Alternativa B — ❌ Incorreta
Propõe anulação pela diretora ou superior em razão de superveniência de razões de interesse público. Anulação é para atos ilegais, não para mudanças de conveniência. A superveniência de interesse público é motivo para revogação, não anulação.
Alternativa C — ❌ Incorreta
Sustenta que somente o Poder Judiciário pode desfazer o ato, porque gerou direito subjetivo ao destinatário. Permissão de uso é ato precário, não gera direito adquirido; a Administração pode revogá-la a qualquer tempo (autotutela). Além disso, o Judiciário não revoga; anula atos ilegais, o que não é o caso.

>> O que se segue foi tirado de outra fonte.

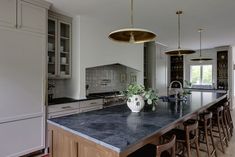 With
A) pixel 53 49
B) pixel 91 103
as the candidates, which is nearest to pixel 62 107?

Alternativa D — ❌ Incorreta
Diz que é passível de revogação na esfera administrativa ou judicial. A revogação é ato discricionário da Administração; o Judiciário não pode revogar atos administrativos – só pode anulá-los se ilegais.
Alternativa E — ✅ Correta ⟵ GABARITO
Exatamente: o ato é válido, logo cabe revogação pela própria Administração, com base em conveniência e oportunidade fundamentadas no interesse público (necessidade da reforma). É o poder de autotutela: a Administração pode rever seus atos quando o interesse público o exigir, respeitados os efeitos já produzidos (efeitos ex nunc).
NÃO CAIA NESSA!
A banca tenta confundir anulação com revogação, sugerindo que a mudança de circunstâncias configuraria ilegalidade (desvio de finalidade) ou que o Judiciário poderia revogar. Lembre-se: ato válido + interesse público superveniente = revogação (pela Administração); ato ilegal = anulação (pela Administração ou Judiciário).